* _Action item_
An exact copy of the entries is required, excluding any pictures.

━━ Excerpted records ━━

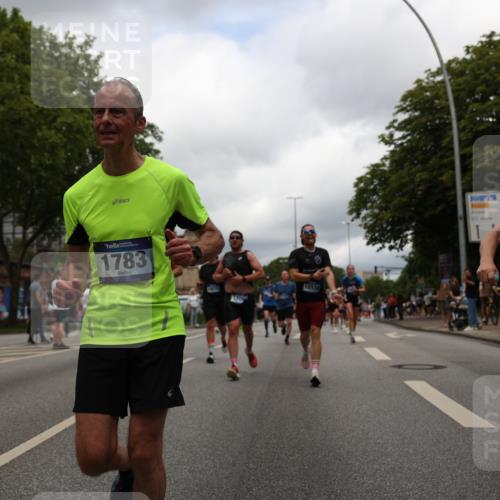 29.06.2025 - hella hamburg halbmarathon Yannick Fuchs http://msf.ph/oto/8242288 29.06.2025 10:47:28 20KM 1030, 1061, 1151, 1499, 1706, 1727, 1783, 2070, 2074, 2082, 2099, 2346, 2354, 3059, 3208, 3209, 4065, 4635, 4770, 5077, 5638, 5866, 6481, 6511, 6512, 6628, 6629, 6762, 6877, 6942, 7177, 7274, 7509, 7864, 7918, 8335, 8390, 8447, 9142, 9537, 10549, 10891, 10895, 11992, 12379, 12413, 12490, 12875, 12909, 13032, 13289, 13865, 13997, 14323, 15061, 15126, 15179, 15441, 15497, 15502, 16477, 16538, 16986, 17348, 18134, 18143, 18487, 18590, 18720 meine-sportfotos.de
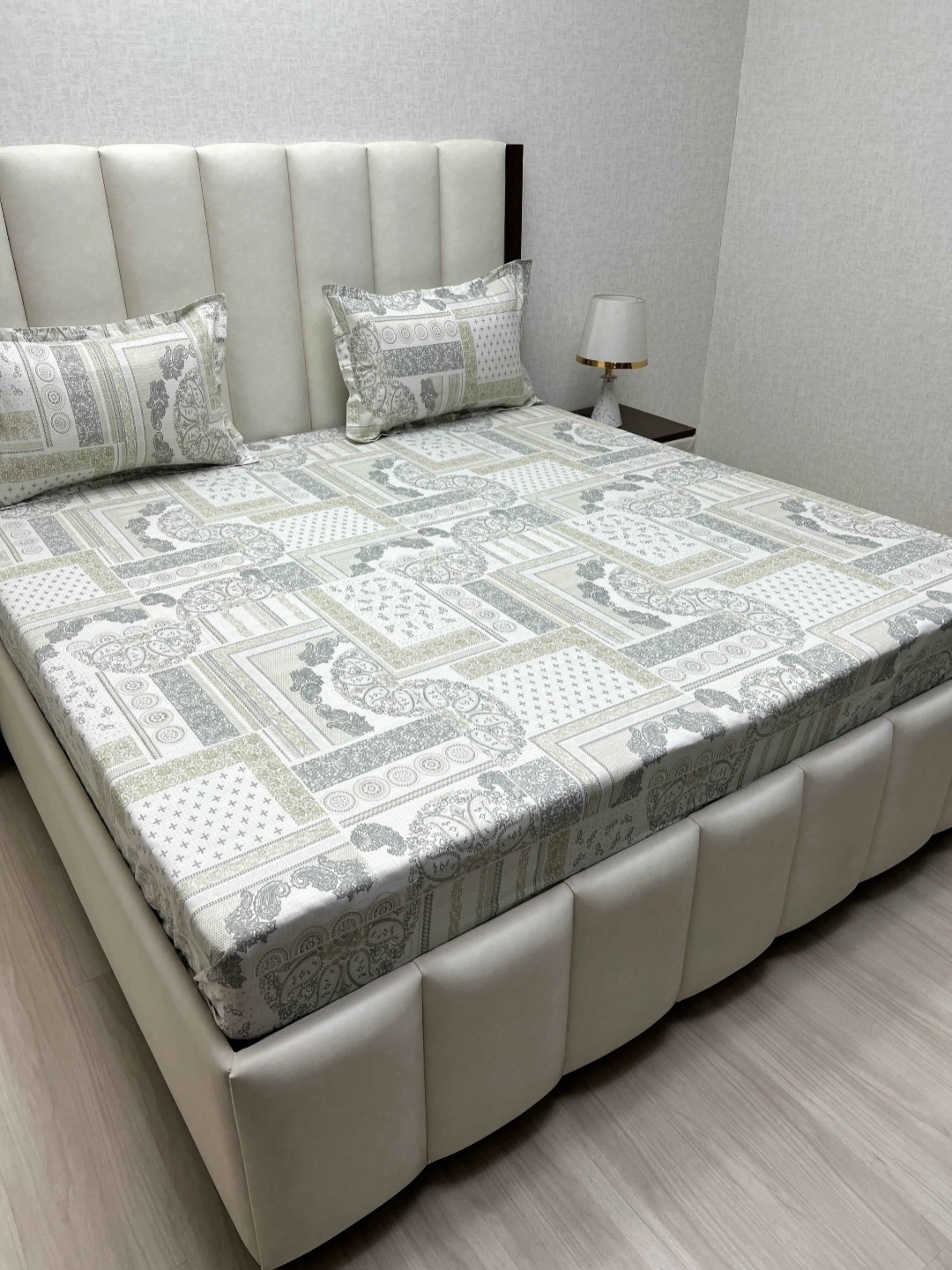 Pure Decor Velar White & Grey Printed Cotton 400 TC King Bedsheet Set 2.74 m x 3.04m
Pure Decor Velar White & Grey Printed Cotton 400 TC King Bedsheet Set 2.74 m x 3.04m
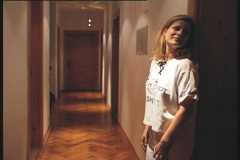 das-zimmer_mira_kontakt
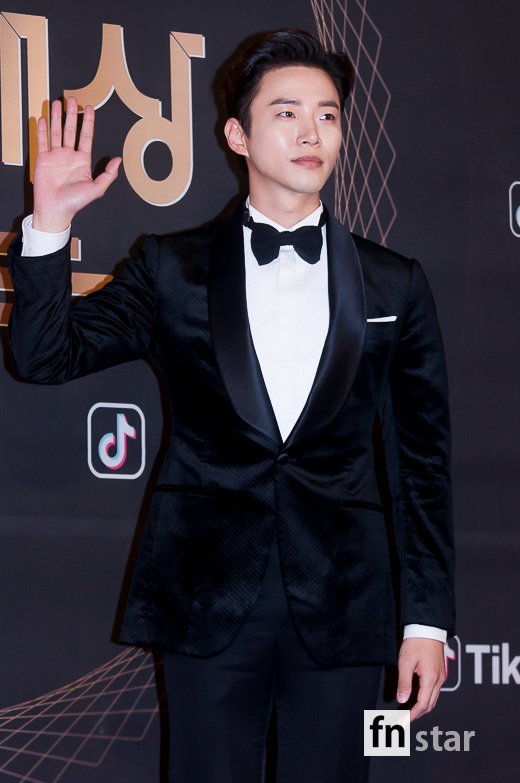 [포토] 2PM 준호, ‘영락없는 배우 비주얼’ - 헉스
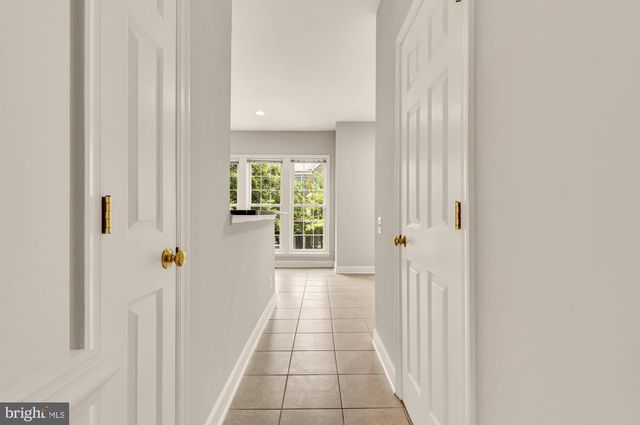 2513 BRONZE STONE PL, Herndon, VA 20171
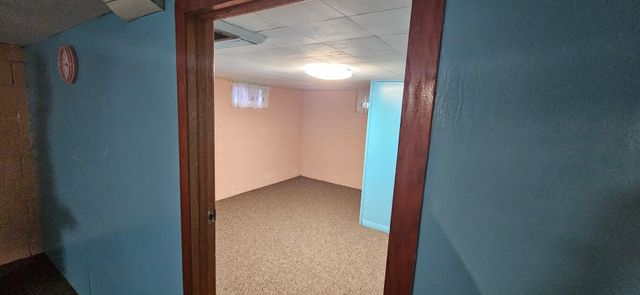 206 6th Avenue E, Andalusia, IL 61232
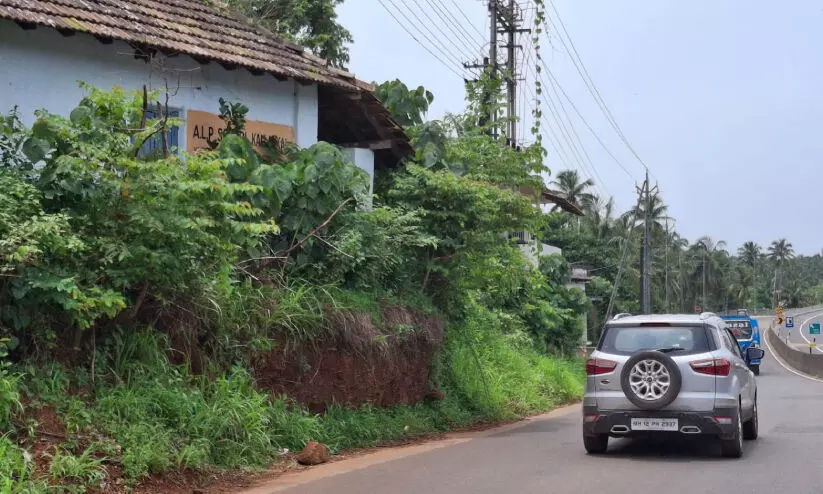നടപ്പാത നിർമാണം; കല്ലങ്കൈയിൽ സ്കൂൾ കെട്ടിടം തകർച്ചഭീഷണിയിൽ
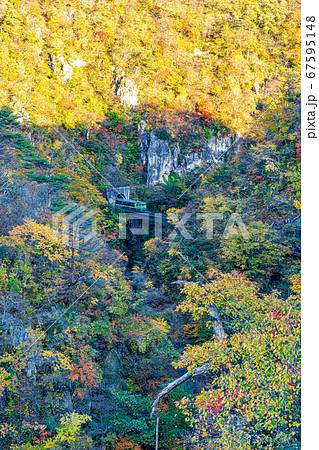 宮城県 鳴子峡 見頃時期の紅葉の写真素材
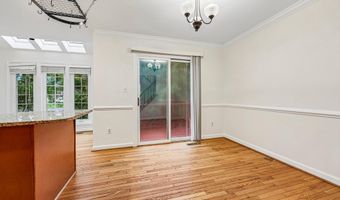21208 HEDGEROW Ter, Ashburn, VA 20147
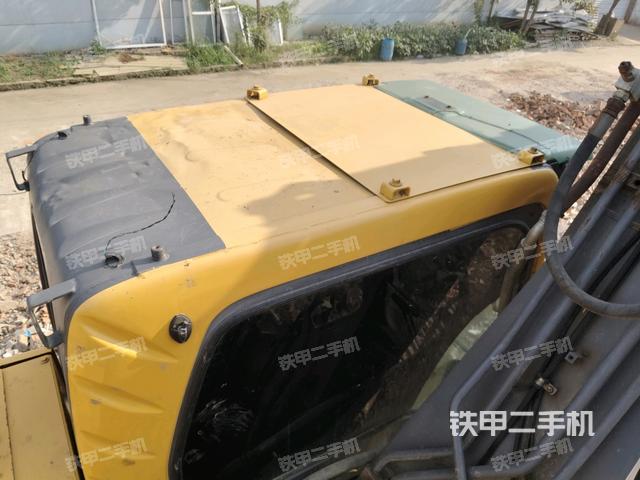 駕駛室頂部(整機(jī)外觀) 駕駛室頂部(整機(jī)外觀)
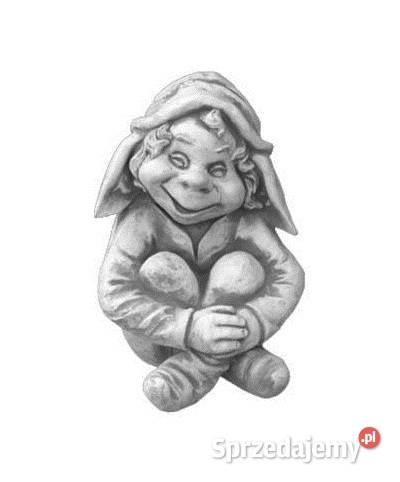 FIGURKA betonowa SKRZAT R52 Nysa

━━━

* _Answer space_
 29.06.2025 - hella hamburg halbmarathon Yannick Fuchs http://msf.ph/oto/8242288 29.06.2025 10:47:28 20KM 1030, 1061, 1151, 1499, 1706, 1727, 1783, 2070, 2074, 2082, 2099, 2346, 2354, 3059, 3208, 3209, 4065, 4635, 4770, 5077, 5638, 5866, 6481, 6511, 6512, 6628, 6629, 6762, 6877, 6942, 7177, 7274, 7509, 7864, 7918, 8335, 8390, 8447, 9142, 9537, 10549, 10891, 10895, 11992, 12379, 12413, 12490, 12875, 12909, 13032, 13289, 13865, 13997, 14323, 15061, 15126, 15179, 15441, 15497, 15502, 16477, 16538, 16986, 17348, 18134, 18143, 18487, 18590, 18720 meine-sportfotos.de
 Pure Decor Velar White & Grey Printed Cotton 400 TC King Bedsheet Set 2.74 m x 3.04m
Pure Decor Velar White & Grey Printed Cotton 400 TC King Bedsheet Set 2.74 m x 3.04m
 das-zimmer_mira_kontakt
 [포토] 2PM 준호, ‘영락없는 배우 비주얼’ - 헉스
 2513 BRONZE STONE PL, Herndon, VA 20171
 206 6th Avenue E, Andalusia, IL 61232
നടപ്പാത നിർമാണം; കല്ലങ്കൈയിൽ സ്കൂൾ കെട്ടിടം തകർച്ചഭീഷണിയിൽ
 宮城県 鳴子峡 見頃時期の紅葉の写真素材
21208 HEDGEROW Ter, Ashburn, VA 20147
 駕駛室頂部(整機(jī)外觀) 駕駛室頂部(整機(jī)外觀)
 FIGURKA betonowa SKRZAT R52 Nysa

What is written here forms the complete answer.